WHAT IS EXPECTED –
Only the lines from the line with "Cordless heated cramp relief belt" through the end of the records belong in your reply, copied exactly, with every picture left out.

Collected data entries –
══════════

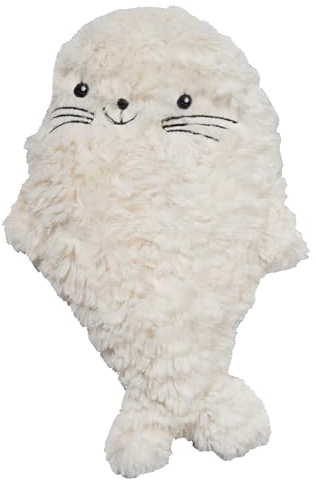 GAMAGO Seal Pup Heating Pad & Pillow Huggable - Microwavable Heat Pad for Cramps, Aches & Anxiety Relief - This Adorably Cute Heat Pack is Stuffed with Eco-Friendly Buckwheat & Dried Lavender - 10.5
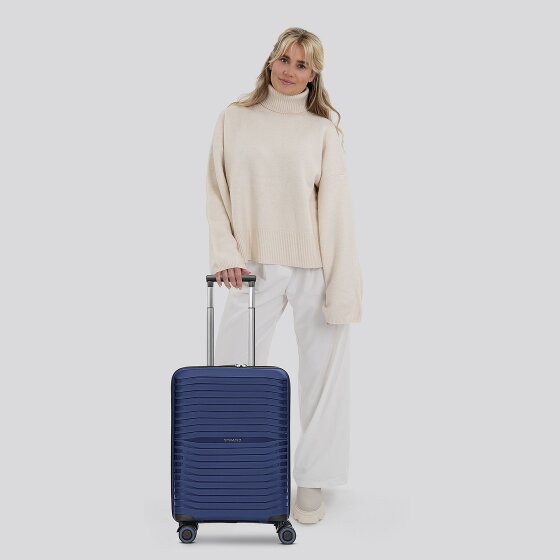 Stratic Shine 4 Rollen Kabinentrolley 55 cm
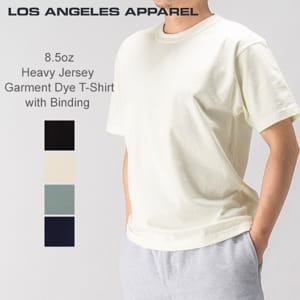 󥼥륹ѥ Los Angeles Apparel T Ⱦµ  1203GD Heavy Jersey Garment Dye TShirt with Binding  ȥåץ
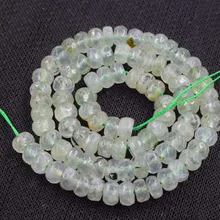 Свободные бусины зеленый прехнит roundel Граненый 8*4 мм 1" для DIY ювелирных изделий FPPJ бусины натуральный драгоценный камень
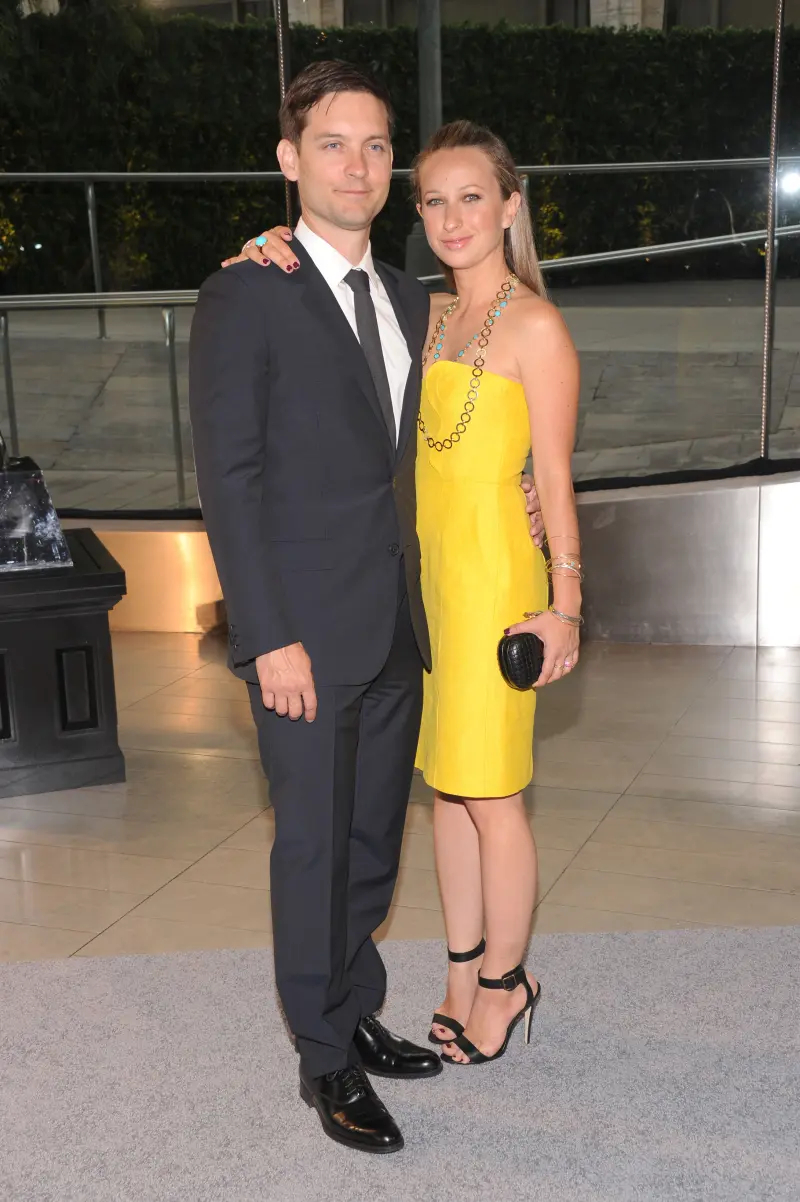 Vợ chồng Tobey Maguire và Jennifer Meyer chính thức ly hôn sau 10 năm sống ly thân vào cuối tháng 9. Ảnh: Getty Images.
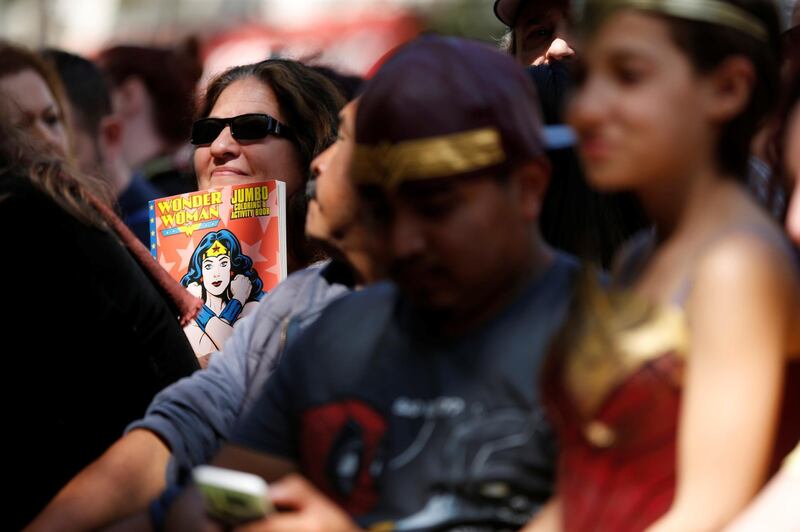 Fans wait for the unveiling of the star for actor Lynda Carter on the Hollywood Walk of Fame. Mario Anzuoni / Reuters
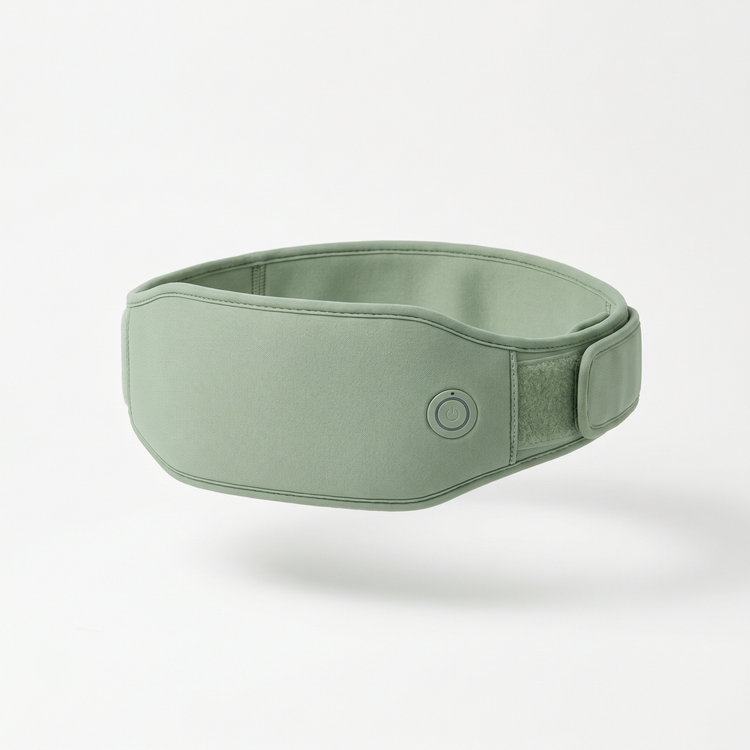 Cordless heated cramp relief belt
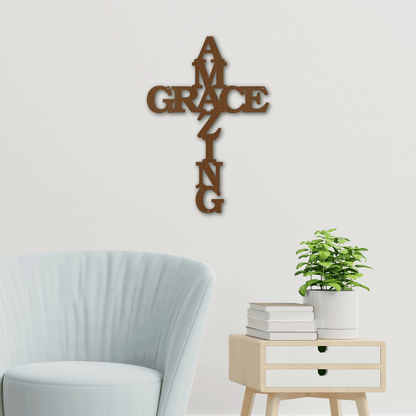 Personalized Cross Sign Metal Wall Art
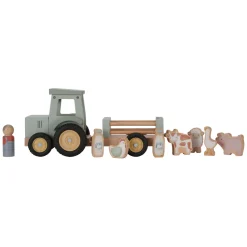 Little Dutch Houten Tractor met Aanhanger en Dieren Speelset Online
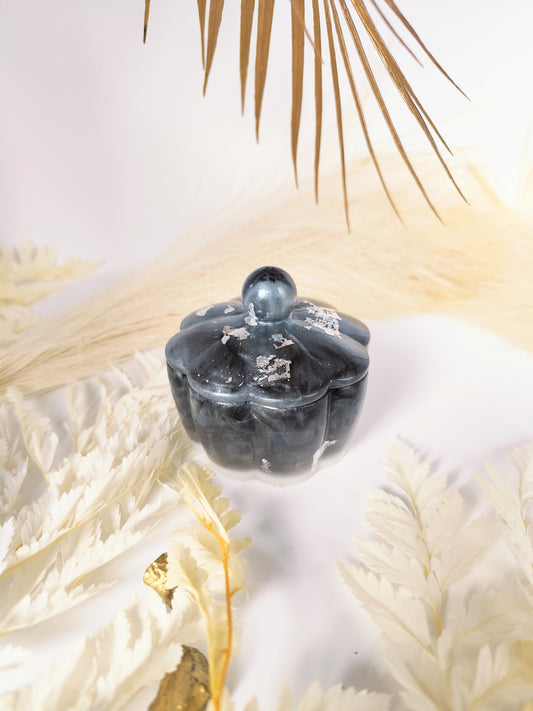 Pot à bijoux en résine époxy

══════════

EXERCISE RESPONSE –
 Cordless heated cramp relief belt
 Personalized Cross Sign Metal Wall Art
 Little Dutch Houten Tractor met Aanhanger en Dieren Speelset Online
 Pot à bijoux en résine époxy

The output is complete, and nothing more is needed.